David Hilbert’s famous speech to the International Congress of Mathematicians in 1900 is included as an appendix to this book.
The speech was a listing of what Hilbert saw as the main open problems of maths at the time, and how they might be approached.
Interestingly, in this speech to professional mathematical researchers, Hilbert cites two of the main ideas on how to approach problems that we teach to sixth-form maths students today.
One: do a diagram. Or many different diagrams, visualising the problem in different ways
“Arithmetical symbols are written figures and geometrical figures are drawn formulas; and no mathematician could do without these drawn formulas, any more than in calculation he could dispense with the insertion and removal of brackets…”

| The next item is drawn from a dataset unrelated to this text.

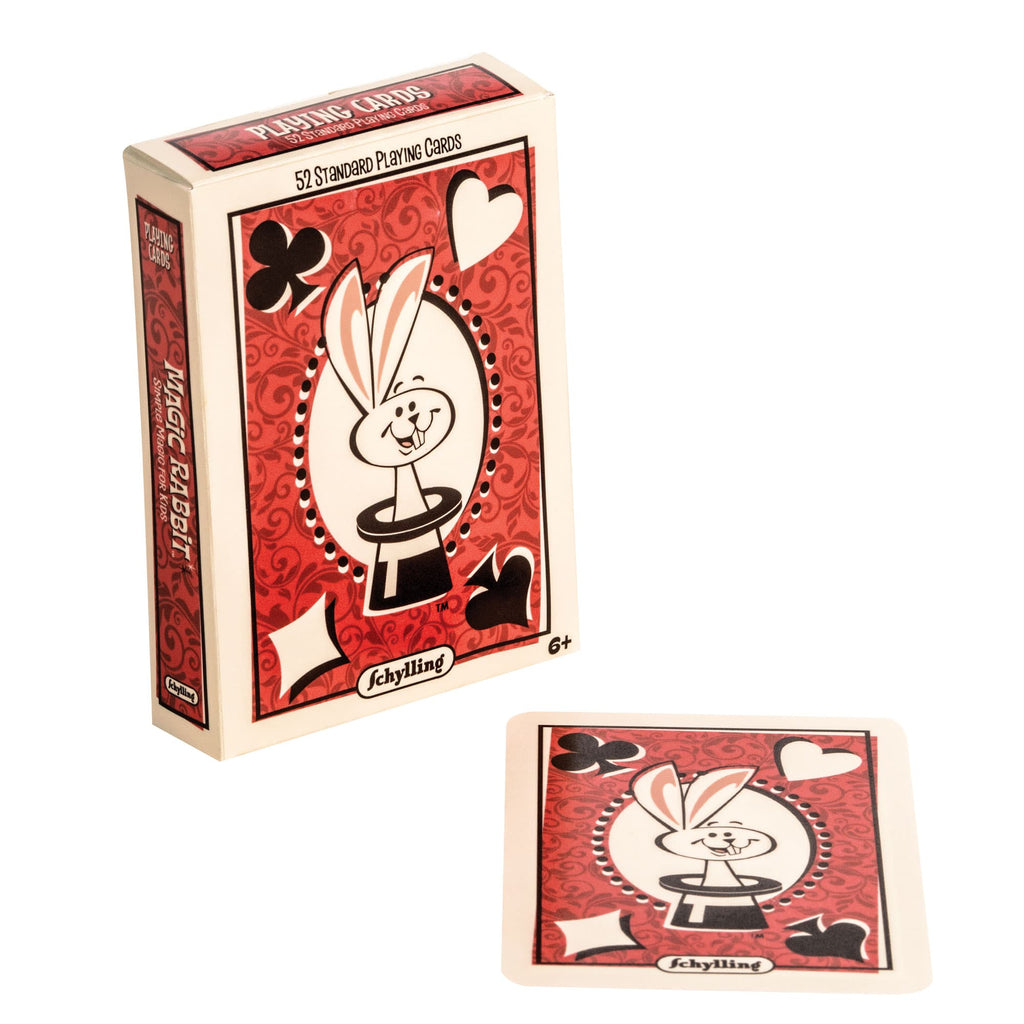 Magic-Rabbit-Card-Tricks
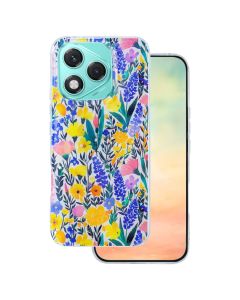 Glow Glam TPU Silicone Case Θήκη - Rustic Floral (Xiaomi Redmi 15C 4G / 5G)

Two: start by trying to solve a simplified version or special case of the problem, and then build up to the full problem
“Perhaps in most cases when we unsuccessfully seek an answer to a question, the cause of the failure lies in the fact that problems simpler and easier than the one in hand have either been incompletely solved, or not solved at all. Everything depends, then, on finding those easier problems and solving by means of methods as perfect as possible and devices capable of generalisation”.

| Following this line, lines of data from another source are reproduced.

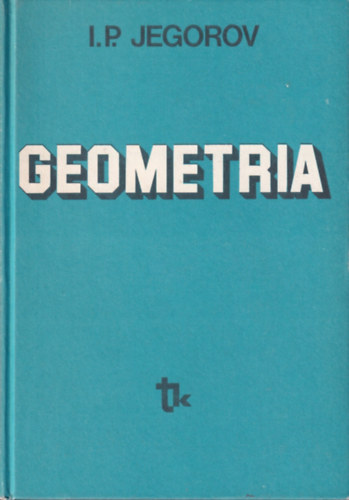 I. P. Jegorov - Geometria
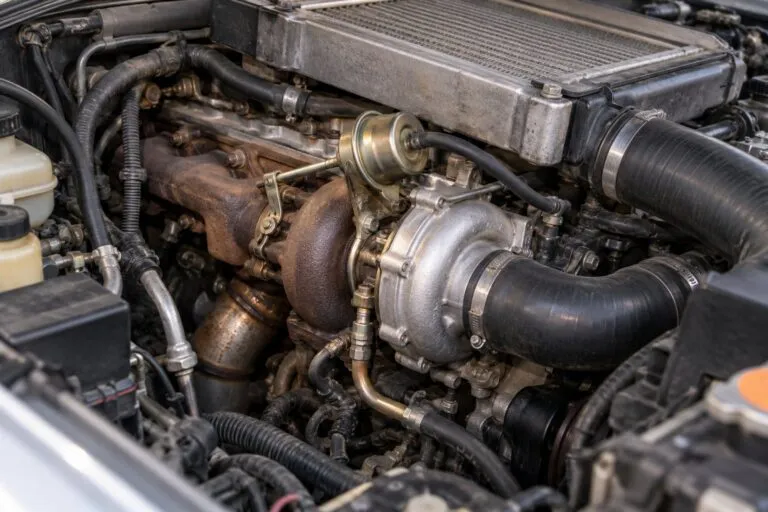 Nissan ZD30 3.0L Diesel Turbocharger Guide: Patrol & Navara D22 Common Failures 16 Nissan ZD30 3.0L Diesel Turbocharger Guide: Patrol & Navara D22 Common Failures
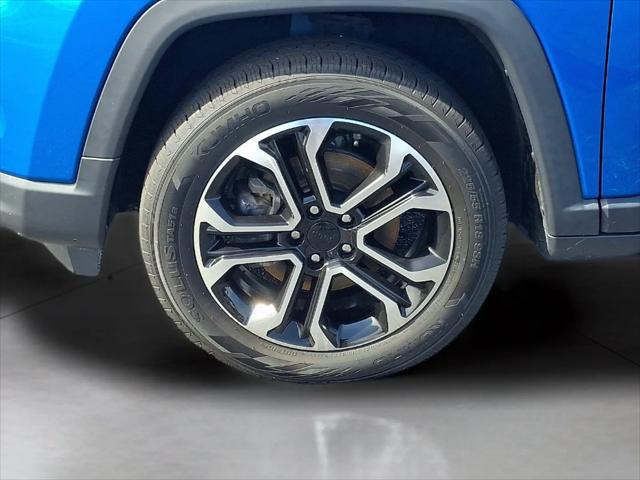 2022 Jeep Compass Limited 4x4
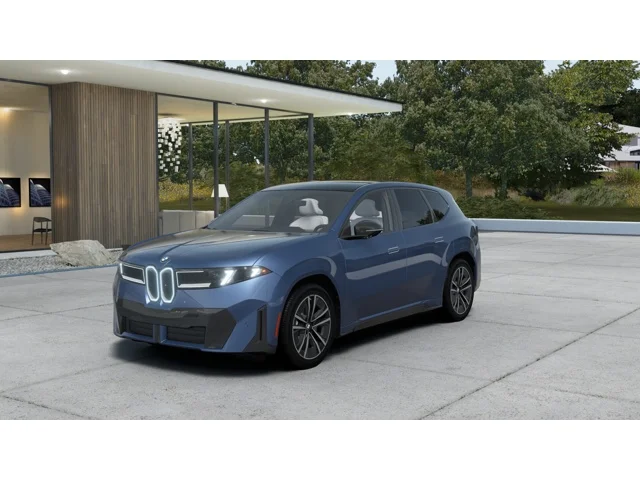 2027 BMW iX3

Between the mid-19th century and the 1930s, mathematics changed in a big way. It became the study of patterns, structures, and systems, rather than of formulas and calculations.
Maybe the central figure in the shift, and the central figure in early 20th century maths, was the German mathematician David Hilbert.

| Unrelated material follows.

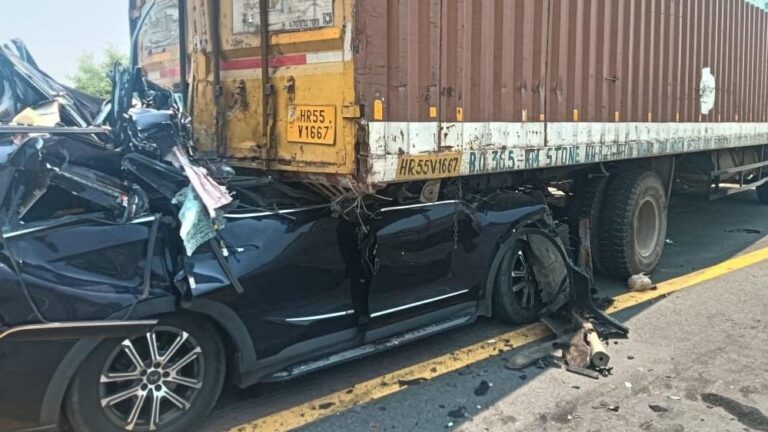 ग्लोबल रिपोर्ट: सड़क दुर्घटनाएँ हर वर्ष 11.90 लाख जानें लेती हैं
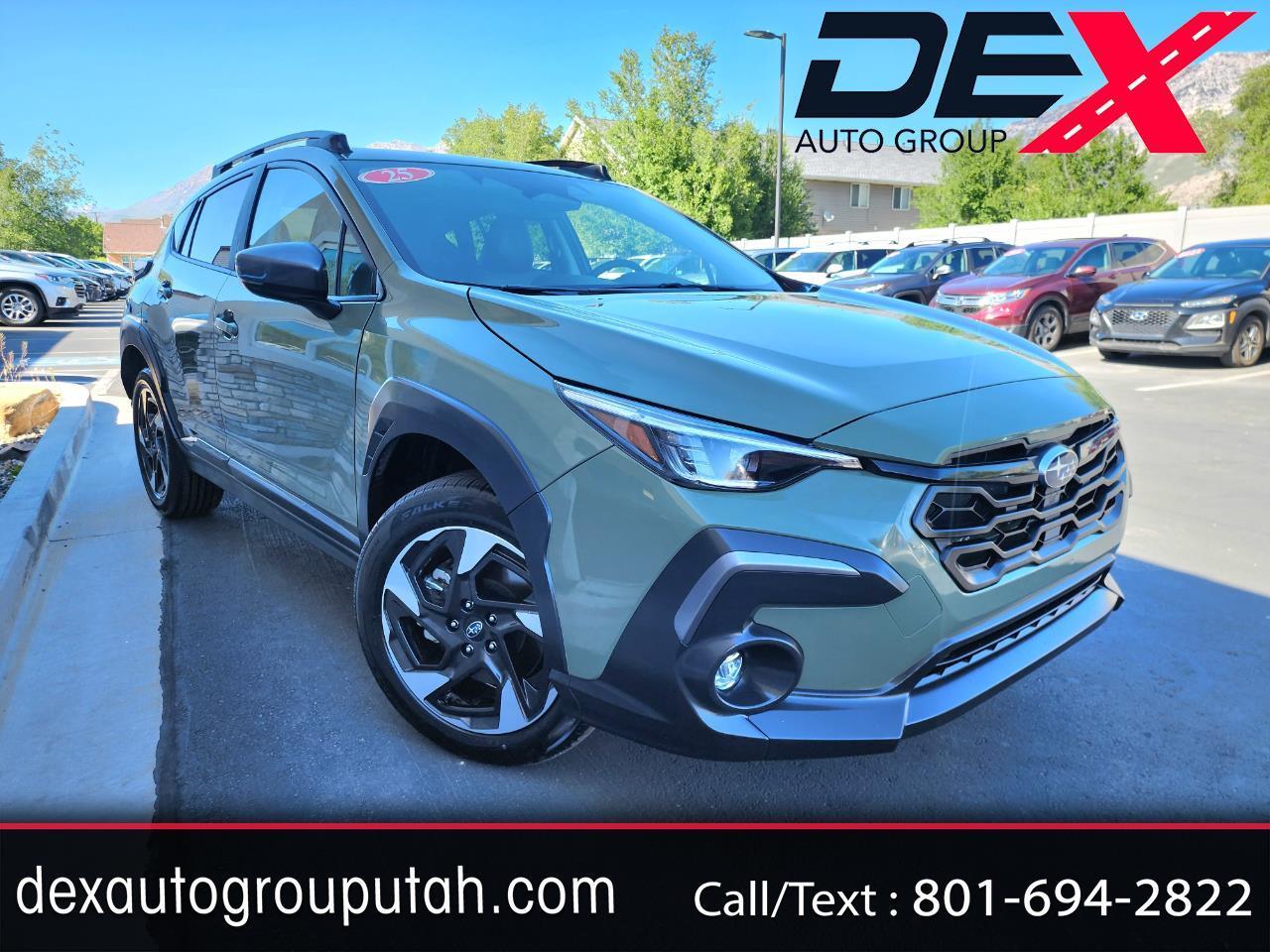 2025 Subaru Crosstrek Limited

In 1900, at an International Congress of Mathematicians, Hilbert made a speech in which he outlined 23 problems to map out the main directions in mathematical research for the new century.
Some of those problems were solved quickly. One proved to have been stated too unclearly by Hilbert to be solved. Some remain unsolved. Many have been solved only relatively recently, and often the solution has turned out to be very different from what anyone in Hilbert’s day expected. A whole heap of new problems, for example those associated with the Langlands program, have gained attention. The rise of electronic computers has made combinatorics, discrete mathematics, and algorithmics much more central than they were back in 1900.
Jeremy Gray’s book telling the story of the problems and the attempts to solve them gives very valuable elements of a map of 20th century mathematics.
The book is described as suitable for “the general reader with an interest in mathematics”. That is, I think, a “general reader” with a maths degree. Nevertheless, the book is written clearly enough that a keen A level student can read it and, while finding some bits too difficult to follow in detail, follow the general drift of the book and learn a lot from it.